The requirements on a tax invoice aren't very difficult. It needs to show the name of the supplier, the amount, the date, how much GST is applied (usually 1/11th of the total), and the words 'Tax Invoice'. They're designed to be very simple.

Qantas, who service the Australian domestic and international airflight market, don't send out tax invoices with their bookings. One needs to contact them and request an invoice, spend a lot of time on hold, have them call you back, get escalated, be transferred to their accounts depart, and even then it doesn't arrive half the time.

To me, this seems like business madness. The existing documents that Qantas sends can be changed into valid tax invoices with only minor alterations. This would save them an incredible amount of staff time when businesses choose to call chasing a tax invoice.

Perl Training Australia is looking at making it company policy *not* to book flights through Qantas, as the amount saved on tickets (if anything) is usually considerably less than the costs in our staff time chasing them for the proper paperwork. As a training organisation, a lot of our business involves flying our trainers around for business. I'm sure we're not the only organisation having made this decision.

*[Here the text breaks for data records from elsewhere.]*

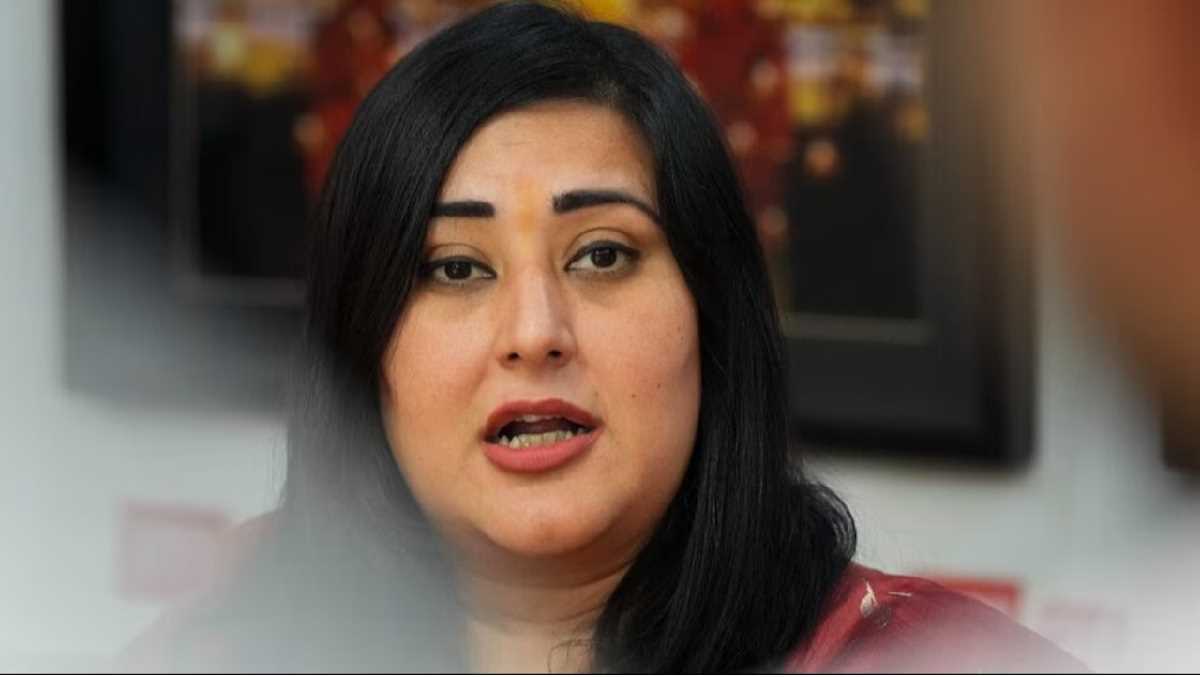 सपा अपने नेता पर सख्त से सख्त कार्रवाई करे : बांसुरी स्वराज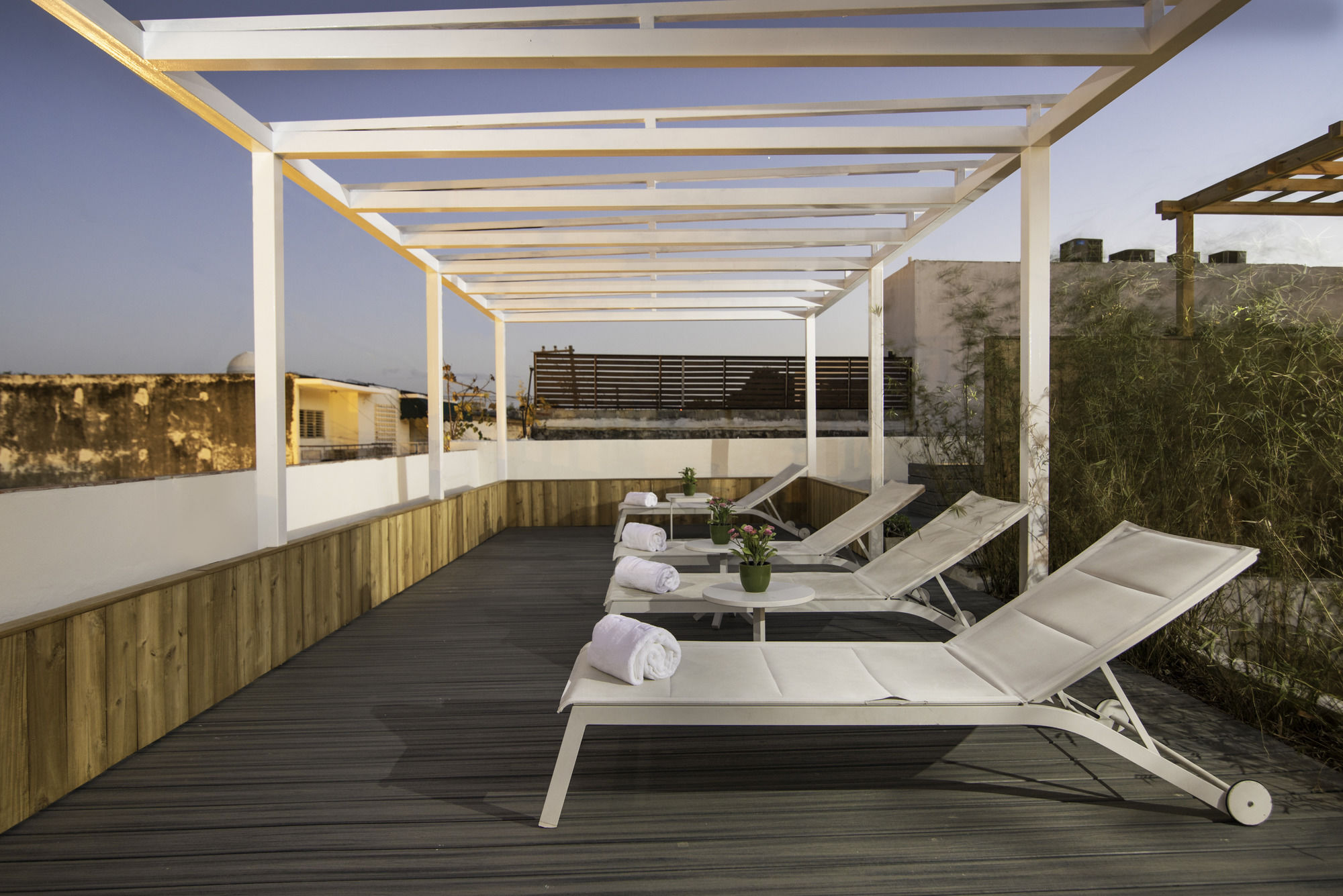 Фото Luca Hotel by The Oxo House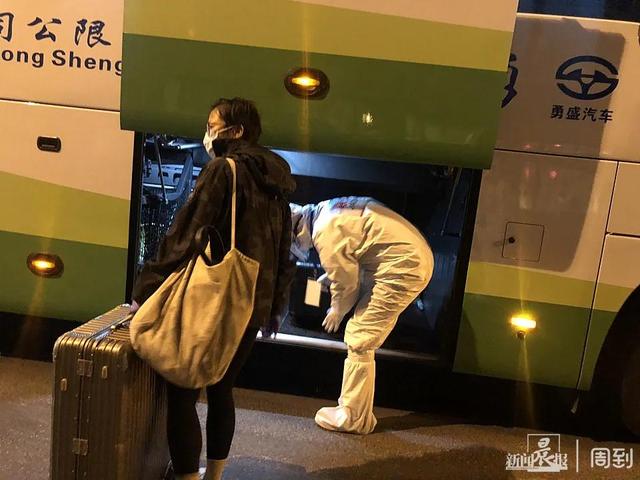 留學生26小時輾轉回國，入境瞬間​淚崩，終于可以松掉緊繃著的弦了！中國網友：聽“媽媽”的話，歡迎回家！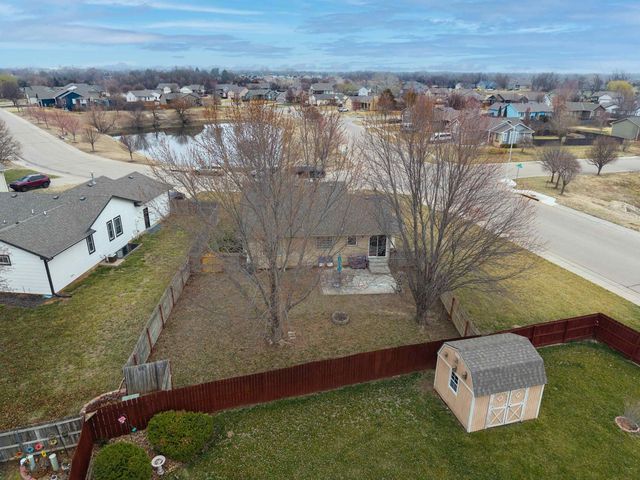 1101 N Raintree Dr, Derby, KS 67037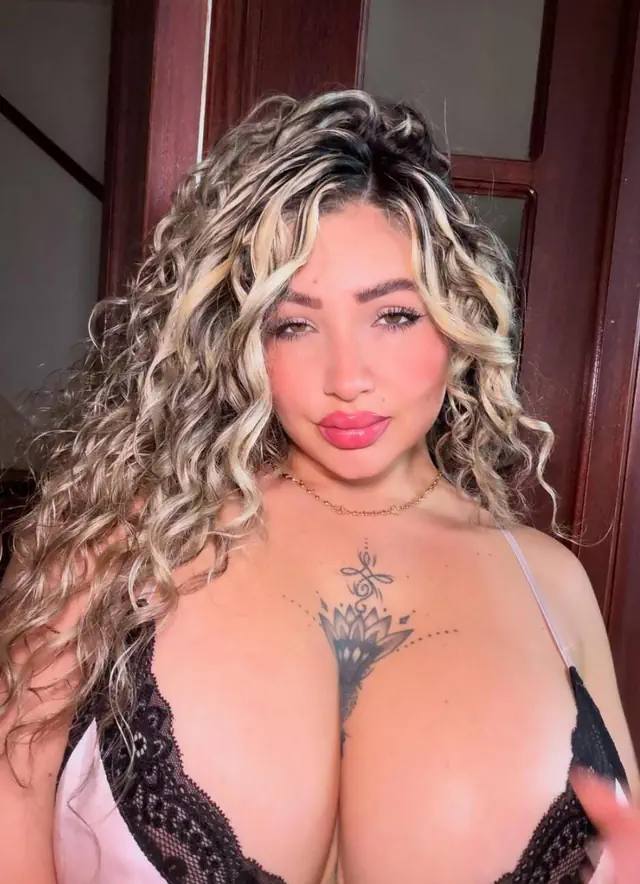 NINFOMANA ATREVIDA – DIGO SI A TODO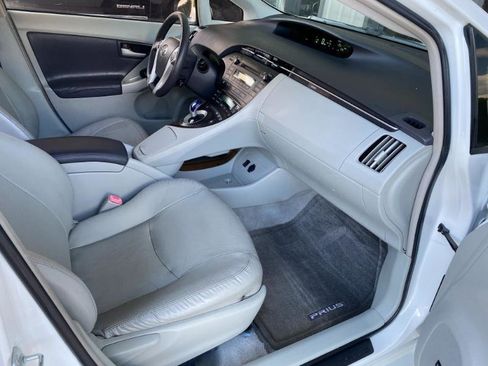 Used 2010 Toyota Prius FWD image 15
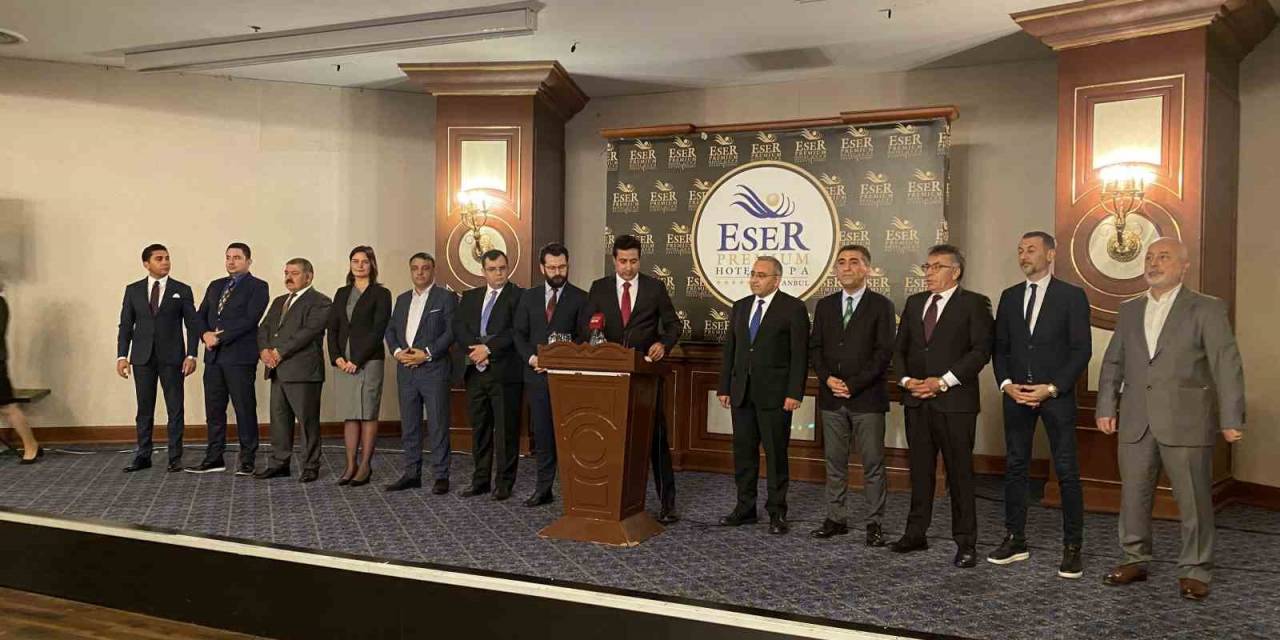 Deva Partisi’nde İstanbul’un 13 İlçesinde İstifa Depremi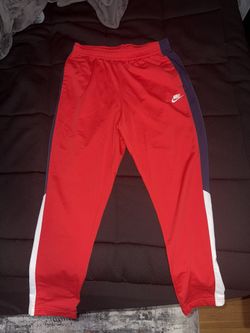 Men’s Nike Pants Size: L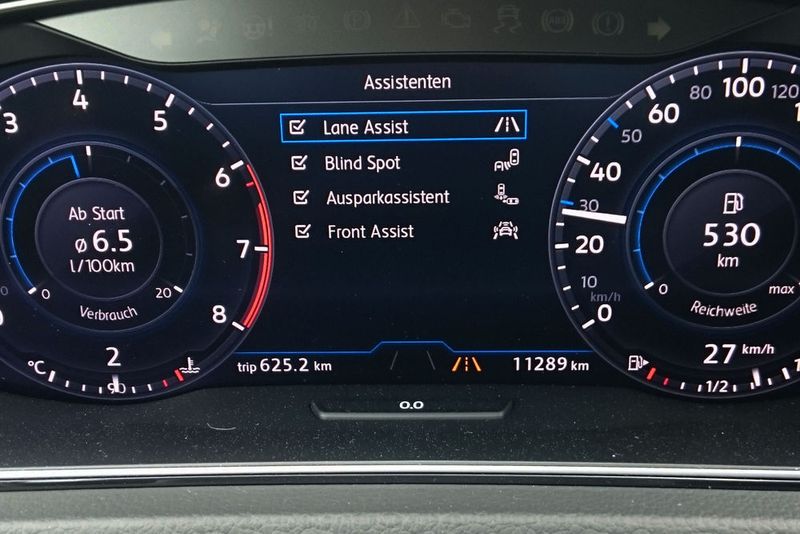 Im Kombiinstrument kann sich der Fahrer allerlei Informationen anzeigen lassen, beispielsweise welche Assistenzsysteme aktiv sind. (Seyerlein/»kfz-betrieb«)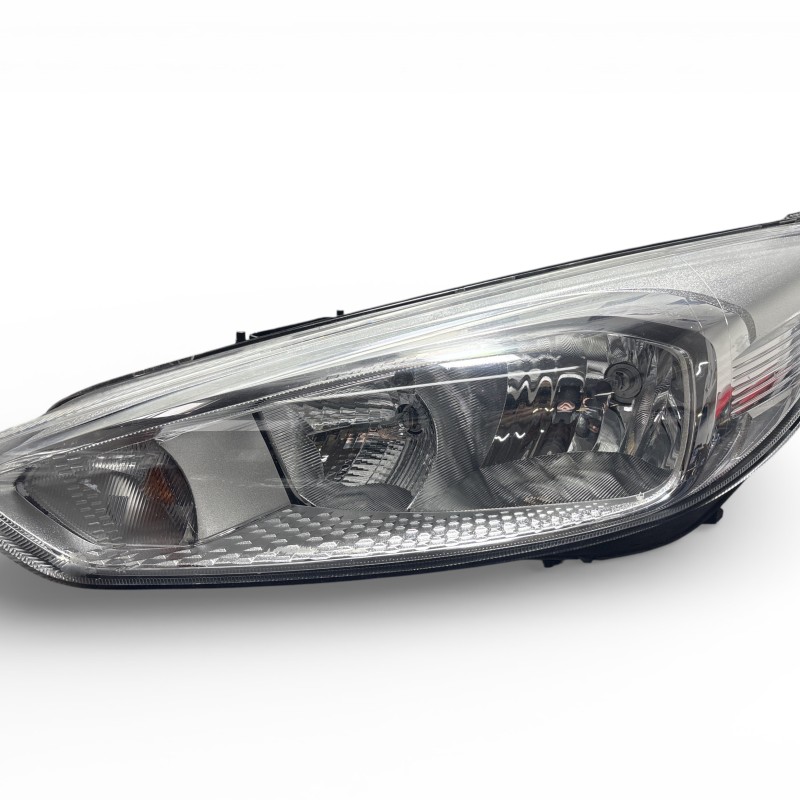 Far stanga / Ford Focus MK3 2015 / Caroserie, oglinzi si faruri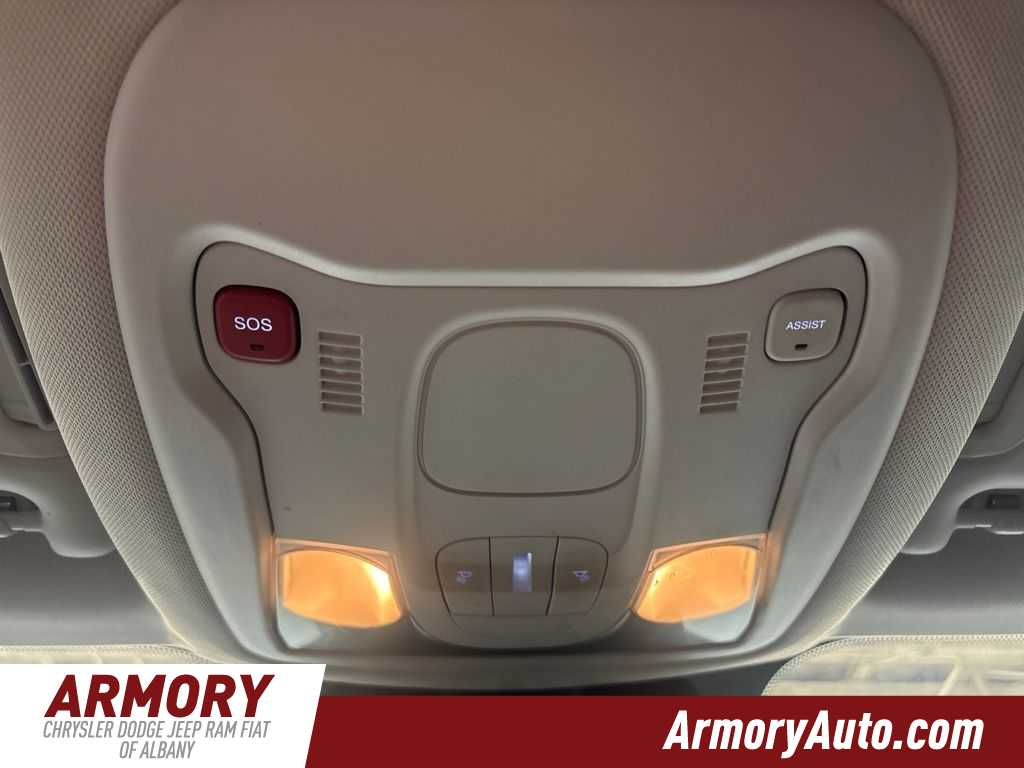 Thumbnail: 2023 Jeep Renegade - 23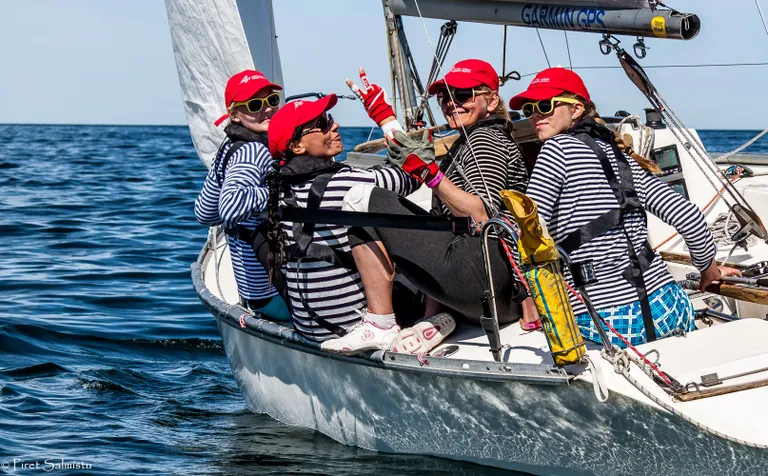 Naiskond Kaija Noblessneri Jahtklubist - A. Le Coq 58. Muhu Väina regatt 2015 - foto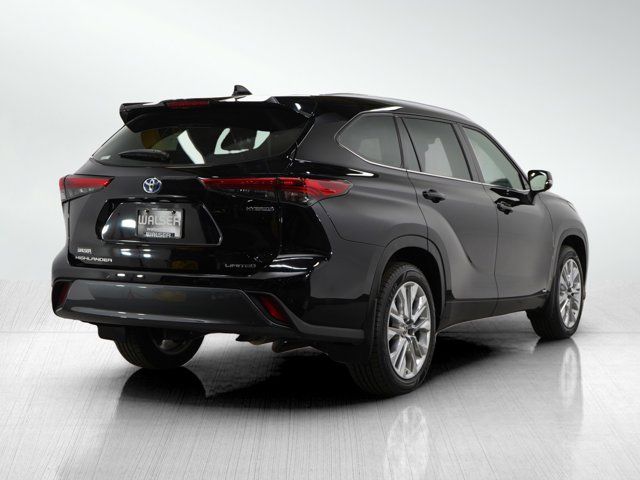 2022 Toyota Highlander Hybrid Limited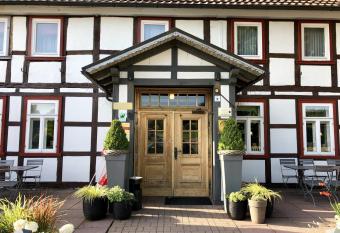 Landhaus Sollingsh  he allows 18 year olds to book a room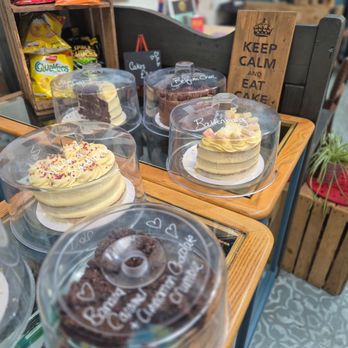 Patriot Games - Everyone loves cake right? - Hobby Shops Near Me - Sheffield, XSY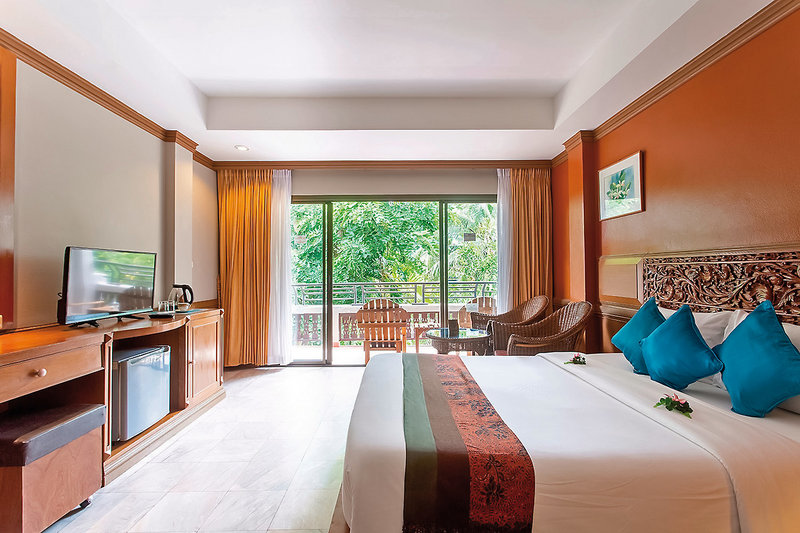 The Fair House Beach Resort 5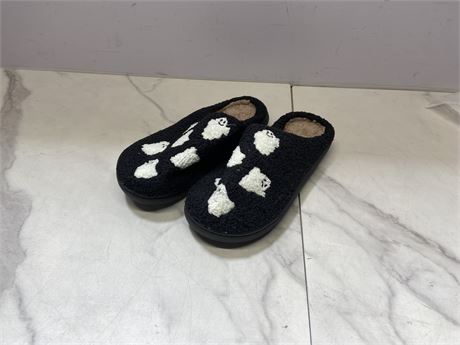 (Size7) Women’s Black Slippers with White Patterns
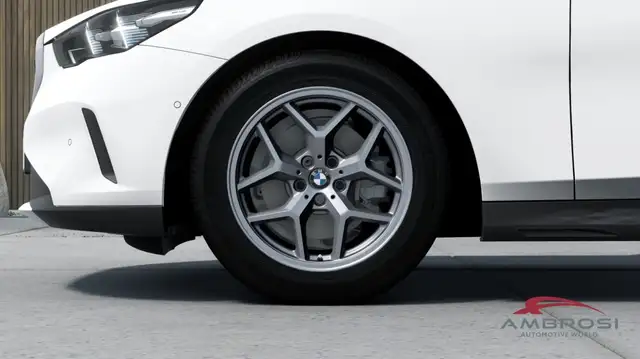 BMW 5 Series view 8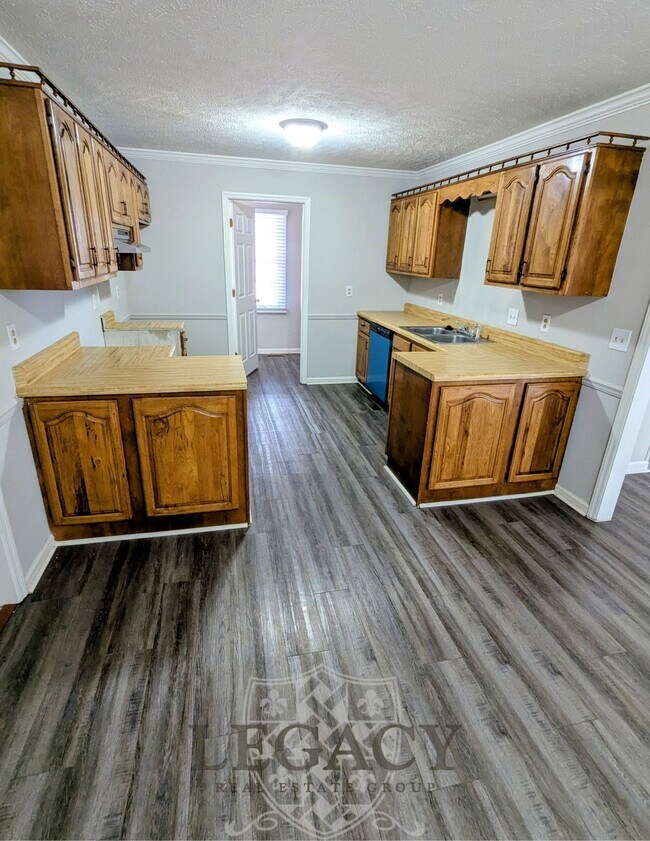 Foto del edificio - 502 Irongate Blvd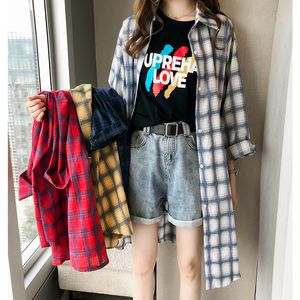 女性用Tシャツ格子縞のブラウス女性ロングリーブ薄いセクション日焼け止め長いスカートブルサスムジェールデモダシャツトップレディスプラスサイズ230131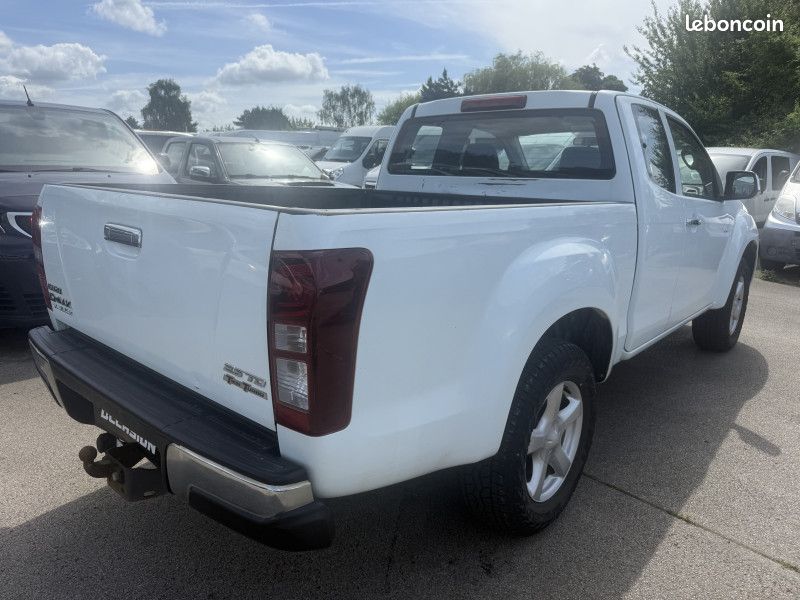 Isuzu D-MAX 2.5 TD 163 SPACE SOLAR A/C 4X4 (image 3)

All of this is even more incredible as Qantas market themselves as a 'quality' provider of flights. Their main competition market themselves as 'budget' airflight providers, but provide tax invoices every time, without needing to have a request.

Normally 'budget' providers are the ones who are difficult to obtain tax invoices from.

I wonder how the Australian Tax Office sends its representatives interstate?

Update
Apparently there are two ways of generating a tax invoice at Qantas. One is long and painful and takes about three days. It's what they use when they're talking to a business' accounts department, because it maximizes pain for the accountants involve. The other way is quick and simple, and takes no more than five seconds to complete.

Apparently most staff are only used to dealing with this the old way, or not at all. Some staff members know they can select 'Send GST Tax Invoice' from the menu in front of them, and then things happen very quickly. The trick is to get the right staff member.

We now have the extension number to a very helpful customer service representative who knows things can be done the fast way, so hopefully our Tax Invoice issues should diminish in future.

I still think Qantas should send them out by default.